Rating: 5.0

# LLLattice
## Prompt:

It seems like there is a UART echoserver design running on a Lattice FPGA. The UART bus runs 8N1 at a rate of 100 clocks per symbol. Can you reverse it and find out what secret it holds?

Attachment: [chal.bit](chal.bit)

Author: VoidMercy

"Hint": [This repo](https://github.com/VoidMercy/Lattice-ECP5-Bitstream-Decompiler/tree/e4659cb6fbc19c749a5f859f85fdadd19c7f9147) was updated halfway through the CTF. Prior to this update, it was not able to fully process the provided bitstream, and afterward it worked.

## Background:

This problem is very similar to Pwn2Win 2021's `Ethernet from Above` challenge, which also involved reversing a lattice bitstream. While I did attempt this challenge at the time, I was unable to complete it. An excelent writeup from Robert Xiao of Maple Bacon is available [here](https://ubcctf.github.io/2021/06/pwn2win-ethernetfromabove/).
That said, having attempted this challenge helped me significantly as I had some tooling already prepared.

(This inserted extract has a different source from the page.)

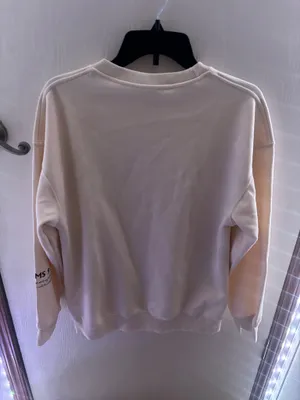 & Other Stories Sweater thumbnail 3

Also of note, I did not actually complete this challenge during the competition - I found the solution ~10 seconds after the competition ended, and had the full flag approximately 2 minutes late.

## Process:

In solving this problem, I initially used a conglomeration of Xiao's scripts and a variety of tools and scripts I had from my attempts at solving Ethernet From Above (Vivado, prjtrellis, etc.). While I sucessfully used these tools to extract verilog, I was unable to accurately simulate the verilog, and static analysis was a non-starter.

During this time I tried using VoidMercy's Lattice decompiler, but quickly realized it wasn't compatible with the provided chal.bit, and decided this was probably a red herring. This turned out to be mostly true, until the hint was released. At this point I pivoted to a clean installation of VoidMercy's decompiler, and managed to complete the challenge in that way. The solution below starts at this point.

# Solution

1. Inspect chal.bit in a hex editor. Conveniently, the header includes the plaintext: `Part: LFE5U-25F-6CABGA381`. Now I know the specific FPGA that this challenge is using, and am able to start the decompile process.
2. Use [VoidMercy's decompiler tool](https://github.com/VoidMercy/Lattice-ECP5-Bitstream-Decompiler) to extract verilog.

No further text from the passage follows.